The tape revival just got taken to another level, with word of a new commercially available Sony cassette that can hold 185 terabytes of data. That’s about 148 gigabytes per square inch, or 74 times the storage capacity of a normal cassette. To give you an idea of what that means to normal people outside the International Magnetics Conference where the iPod killer — at least until we find out it costs thousands of dollars — was announced, here are a few points of comparison from an ExtremeTech post (via Consequence of Sound):

– It’s three Blu-rays’ worth of data per square inch. Or, a total of 3,700 Blu-rays on a single tape.
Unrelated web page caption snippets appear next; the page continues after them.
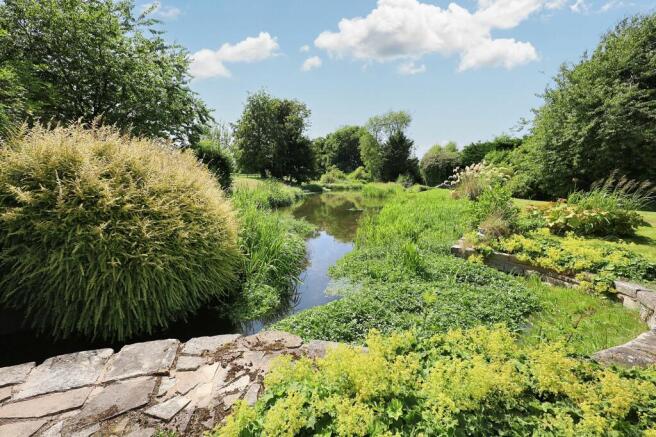 Mill Farm, Mill Lane, Weston Turville, Buckinghamshire, HP22 5RG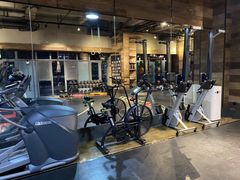 -OneFit健身(汇锦城店)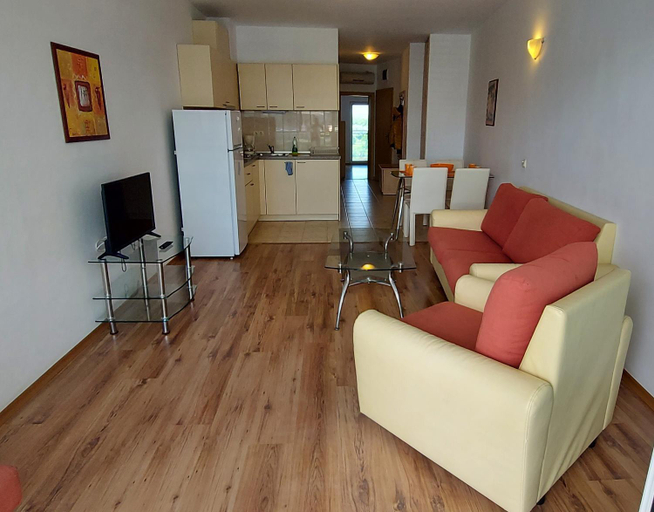 Others 2, Julia Family Apartments, Nesebar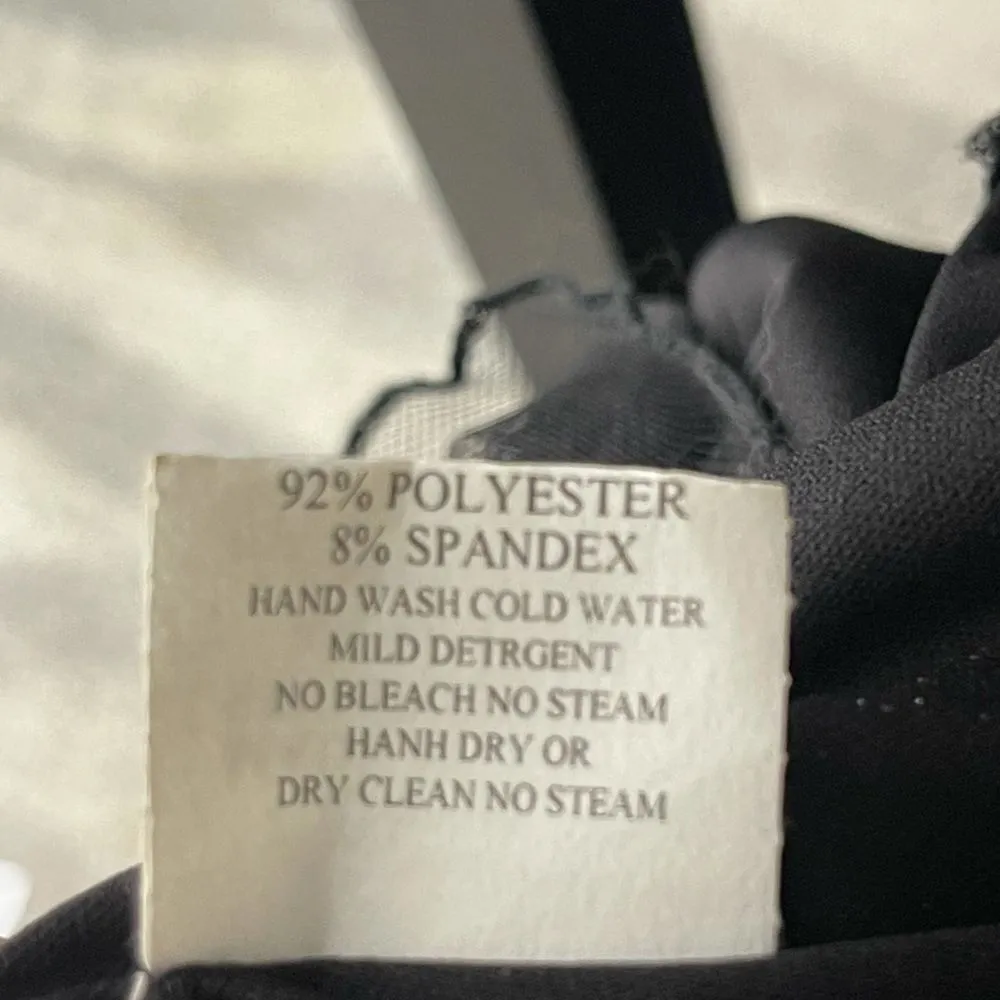 Ruby Rox‎ Halter Dress - Image 8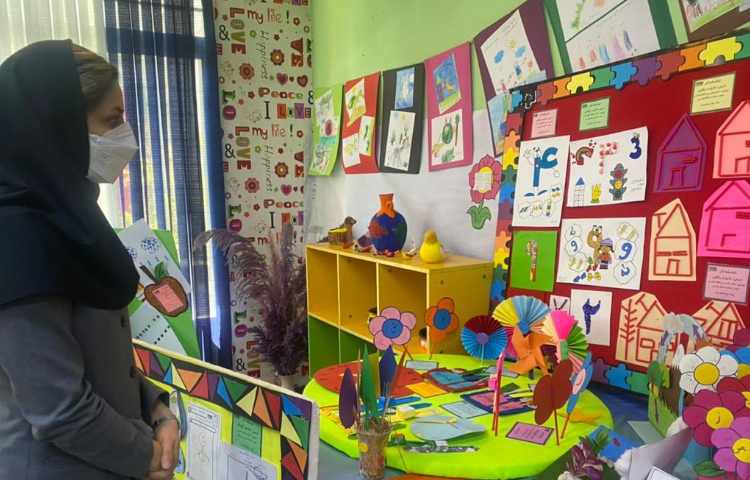 :اختتامیه پایگاه تابستانی(شادی،بازی،هیجان) پایه های دوم و سوم 26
That’s a stack of boxes that would be nearly 15 feet high.

– A single tape holds five more TB than this hard drive storage array, which has to be custom-made and runs for $9,305.

– A total of 64,750,000 songs. If the average song is, say, three minutes, that’s enough music to last you 8,093,750 days.

– The entirety of the Library of Congress represents about 10 total TB. One tape can hold 18.5 versions of the Library of Congress.

Whether this thing looks like the greatest mixtape ever or a not-so-sexy slab of compressed data remains to be seen. Either way, Gizmodo says, “The tape uses a vacuum-forming technique called sputter deposition to create a layer of magnetic crystals by shooting argon ions at a polymer film substrate. The crystals, measuring just 7.7 nanometers on average, pack together more densely than any other previous method.”